As the pandemic situation eases its tentacles around the world, most countries have begun preparations of opening up their borders, both physical and metaphorical.

This will enable normal airfare to continue all around the world and make the world return to ‘normalcy’ as it was before the pandemic. However, suffice to say, the world won’t be a carbon copy of the world we left behind but it will be close enough.

With all that said, the road ahead is seemingly bumpy for Indians than it is for their counterparts around the world. According to the European Union’s circular, the issuance of the EU Digital Covid Certificate to travellers entering or exiting EU nations will have to have the certificate on them to enable free movement.

However, the entire problem arises when we find out that in the list of EU approved vaccines, the Indian made Covaxin and Covishield have not been included.

This means that any traveller who has been inoculated with either of the vaccines will not be issued with the vaccine passport, EU Digital Covid Certificate, thus stopping their entry into any EU nation. 

Why Are Covishield And Covaxin Not Approved By The European Union?

The list of vaccines approved by the European Medicines Agency or the EMA include the following vaccines- Vaxzevria (Oxford-AstraZeneca), Comirnaty (Pfizer-BioNTech), Spikevax (Moderna) and Janssen (Johnson & Johnson).

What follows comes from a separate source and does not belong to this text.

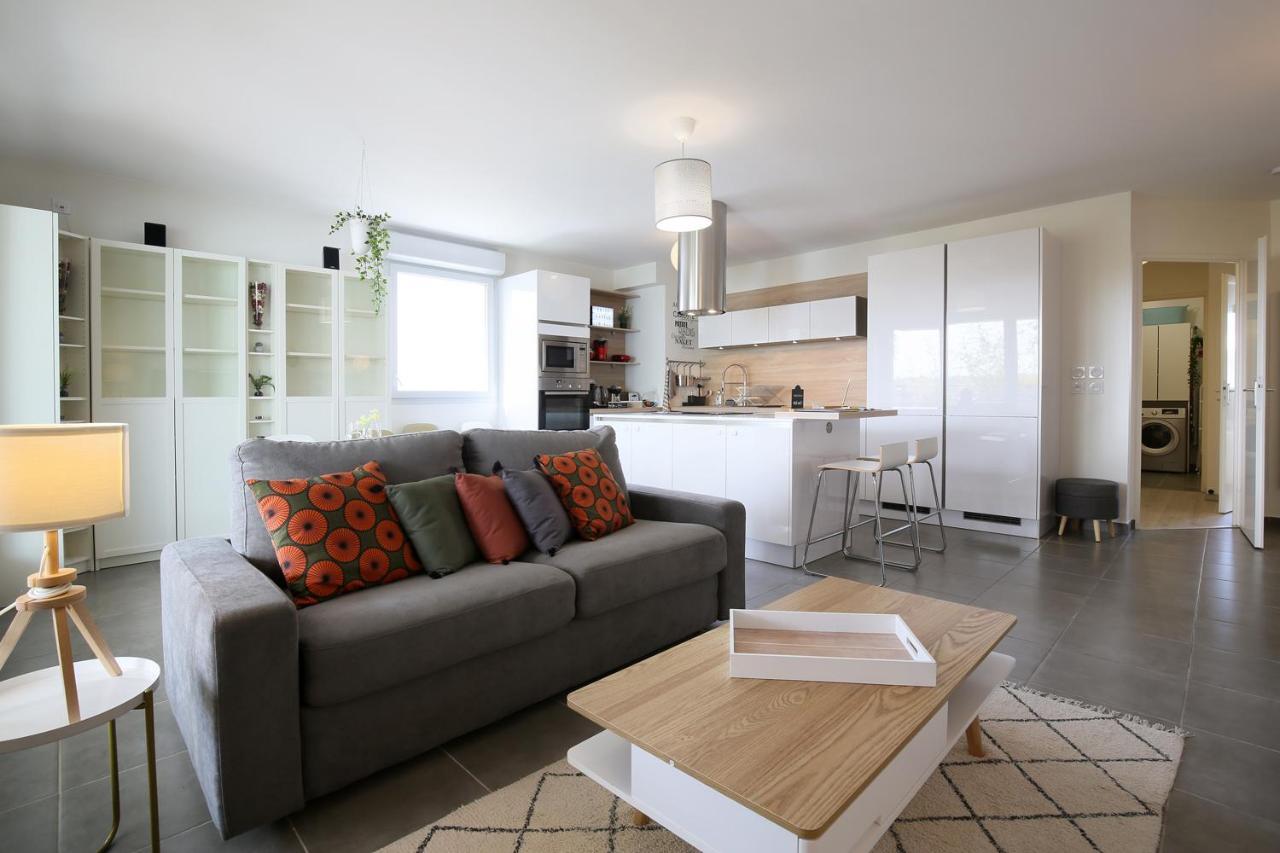 Expat Renting - Le Mosaique - Patte D'Oie - Parking Apartment Тулуза Екстериор снимка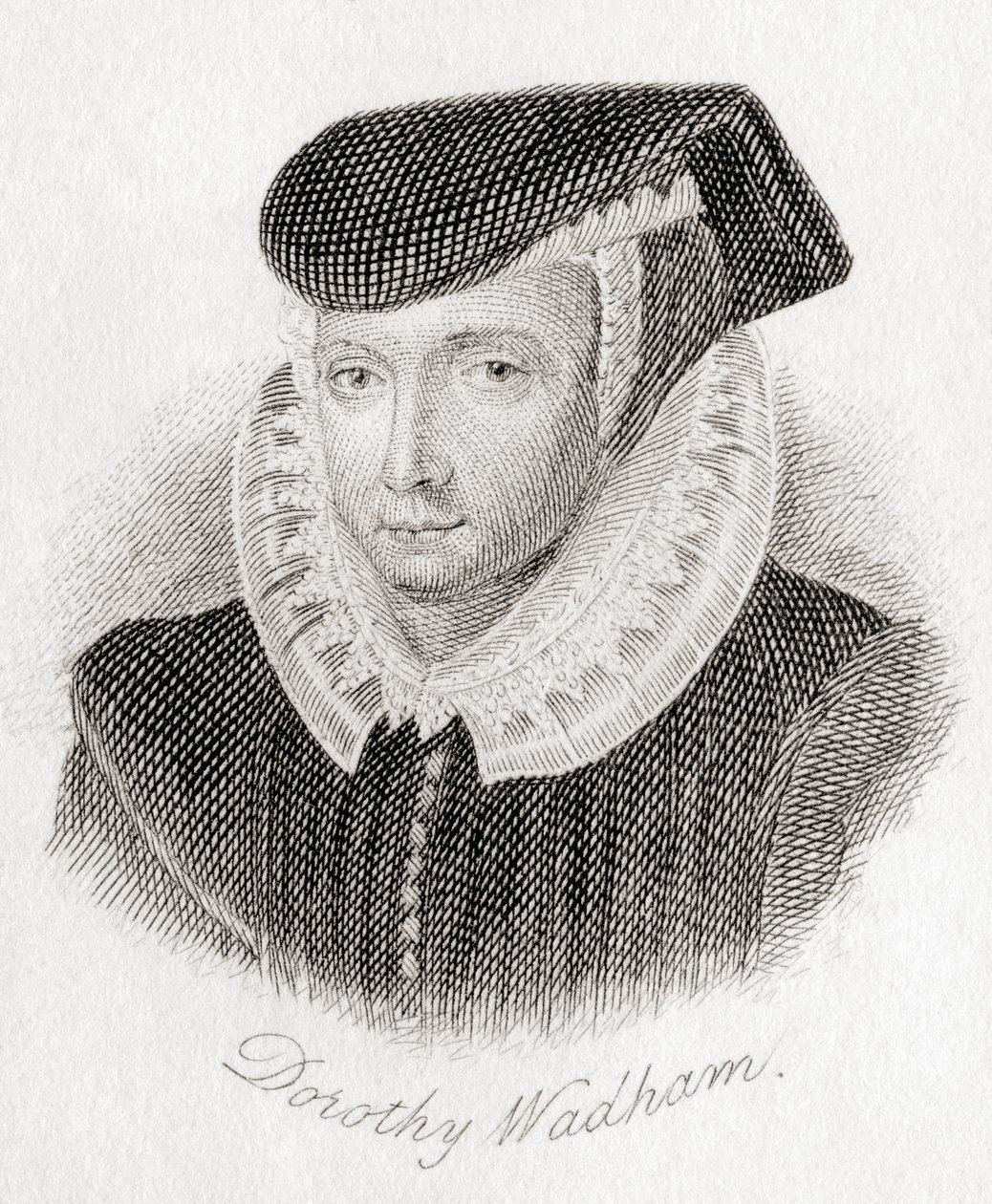 Dorothy Wadham, z domu Petre, ok. 15341535? 1618. autorstwa Unknown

In the list, the exclusion of Covishield and Covaxin has sparked enormous outrage amongst the Indian public, mostly among the student fraternity and businessmen. Numerous sections of the Indian organizational hierarchy have also denoted their disdain at the EMA’s decision to include the Oxford manufactured AstraZeneca while excluding the Indian Covishield that uses the AstraZeneca formula.

The inclusion of Covaxin, in itself, has always been in doubt owing to the sole reason that the Bharat Biotech manufactured vaccine has not been approved by the World Health Organization.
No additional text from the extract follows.